Summary of Key Metrics as of 06 July 2026

To recap, the stock’s key metrics today include a Mojo Score of 78.0, a quality grade rated as excellent, a financial grade that is positive, and a bullish technical grade. The company’s strong long-term fundamentals, including a 32.70% ROCE and robust sales and profit growth, underpin the current rating. The stock’s recent returns, including a 52.56% gain year-to-date and consistent outperformance against the BSE500, further support the positive outlook.

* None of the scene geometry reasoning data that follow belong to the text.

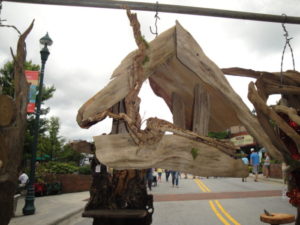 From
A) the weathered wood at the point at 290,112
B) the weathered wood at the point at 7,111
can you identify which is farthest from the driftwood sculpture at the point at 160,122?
the weathered wood at the point at 7,111

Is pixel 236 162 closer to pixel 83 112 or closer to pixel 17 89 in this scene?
pixel 83 112

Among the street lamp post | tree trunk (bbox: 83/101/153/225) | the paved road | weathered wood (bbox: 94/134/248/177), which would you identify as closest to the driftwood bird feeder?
weathered wood (bbox: 94/134/248/177)

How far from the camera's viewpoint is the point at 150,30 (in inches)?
76.3

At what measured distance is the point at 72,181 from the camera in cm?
1608

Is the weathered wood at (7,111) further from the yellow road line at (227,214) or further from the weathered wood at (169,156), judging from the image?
the yellow road line at (227,214)

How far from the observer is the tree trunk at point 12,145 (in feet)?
6.22

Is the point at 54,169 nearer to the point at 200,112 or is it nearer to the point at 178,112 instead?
the point at 178,112

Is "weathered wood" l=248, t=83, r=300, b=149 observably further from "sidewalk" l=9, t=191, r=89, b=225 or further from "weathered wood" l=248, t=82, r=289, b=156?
"sidewalk" l=9, t=191, r=89, b=225

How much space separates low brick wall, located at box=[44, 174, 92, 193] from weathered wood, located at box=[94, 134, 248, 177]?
48.1 ft

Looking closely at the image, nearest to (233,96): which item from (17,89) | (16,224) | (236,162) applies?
(236,162)

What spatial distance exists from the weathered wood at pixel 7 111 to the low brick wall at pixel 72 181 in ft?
46.3

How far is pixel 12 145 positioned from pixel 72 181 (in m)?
15.0

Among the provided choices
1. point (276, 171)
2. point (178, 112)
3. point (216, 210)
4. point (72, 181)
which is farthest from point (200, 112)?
point (276, 171)

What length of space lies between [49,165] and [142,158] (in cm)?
1589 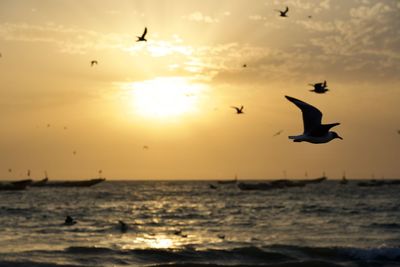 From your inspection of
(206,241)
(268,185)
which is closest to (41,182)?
(268,185)

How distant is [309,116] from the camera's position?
14945 millimetres

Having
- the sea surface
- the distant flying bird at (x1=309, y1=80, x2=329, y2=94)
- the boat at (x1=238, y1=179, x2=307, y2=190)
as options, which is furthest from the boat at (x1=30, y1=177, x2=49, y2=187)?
the distant flying bird at (x1=309, y1=80, x2=329, y2=94)

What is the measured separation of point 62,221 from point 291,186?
108987mm

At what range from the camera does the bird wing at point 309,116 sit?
48.2 ft

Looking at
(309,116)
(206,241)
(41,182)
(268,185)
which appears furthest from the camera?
(41,182)

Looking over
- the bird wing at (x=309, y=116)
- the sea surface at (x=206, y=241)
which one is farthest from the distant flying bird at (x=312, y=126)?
the sea surface at (x=206, y=241)

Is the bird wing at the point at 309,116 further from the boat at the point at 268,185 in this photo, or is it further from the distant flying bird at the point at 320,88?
the boat at the point at 268,185

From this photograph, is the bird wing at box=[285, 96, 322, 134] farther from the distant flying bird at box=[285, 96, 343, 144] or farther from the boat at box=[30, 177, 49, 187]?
the boat at box=[30, 177, 49, 187]

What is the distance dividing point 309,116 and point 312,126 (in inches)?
12.2

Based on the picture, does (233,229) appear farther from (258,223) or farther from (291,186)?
(291,186)

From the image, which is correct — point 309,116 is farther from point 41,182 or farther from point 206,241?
point 41,182

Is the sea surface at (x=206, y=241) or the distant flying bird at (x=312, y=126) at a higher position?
the distant flying bird at (x=312, y=126)

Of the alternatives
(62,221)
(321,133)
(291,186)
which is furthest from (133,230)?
(291,186)

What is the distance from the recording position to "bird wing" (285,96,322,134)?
48.2 ft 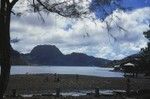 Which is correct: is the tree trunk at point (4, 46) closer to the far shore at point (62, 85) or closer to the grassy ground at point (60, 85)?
the grassy ground at point (60, 85)

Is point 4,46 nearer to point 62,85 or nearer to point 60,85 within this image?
point 62,85

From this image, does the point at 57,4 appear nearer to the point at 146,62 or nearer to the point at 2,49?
the point at 2,49

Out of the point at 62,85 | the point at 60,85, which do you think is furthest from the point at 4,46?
the point at 60,85

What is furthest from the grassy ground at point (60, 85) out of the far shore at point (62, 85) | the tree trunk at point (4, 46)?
the tree trunk at point (4, 46)

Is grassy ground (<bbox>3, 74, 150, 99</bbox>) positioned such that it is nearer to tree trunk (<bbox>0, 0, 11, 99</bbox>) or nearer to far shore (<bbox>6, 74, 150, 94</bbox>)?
far shore (<bbox>6, 74, 150, 94</bbox>)

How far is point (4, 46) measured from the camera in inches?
771

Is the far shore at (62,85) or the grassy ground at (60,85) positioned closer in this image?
the grassy ground at (60,85)

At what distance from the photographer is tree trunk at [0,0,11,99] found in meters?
19.3

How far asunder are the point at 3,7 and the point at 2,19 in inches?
24.9

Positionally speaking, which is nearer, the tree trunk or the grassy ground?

Investors should consider these factors in the context of their own risk tolerance and investment horizon, recognising that while the stock is currently rated 'Buy', market dynamics and company performance should be regularly reviewed.

Looking Ahead

Solar Industries India Ltd’s position as a sector leader with a strong balance sheet and consistent earnings growth provides a solid foundation for future performance. The company’s ability to maintain positive financial trends and technical strength will be key to sustaining investor confidence. Monitoring valuation levels will also be important, as the current premium pricing reflects high expectations that must be met through continued operational success.

Overall, the 'Buy' rating reflects a balanced view of the company’s strengths and valuation considerations, offering investors a well-founded recommendation based on comprehensive analysis as of 06 July 2026.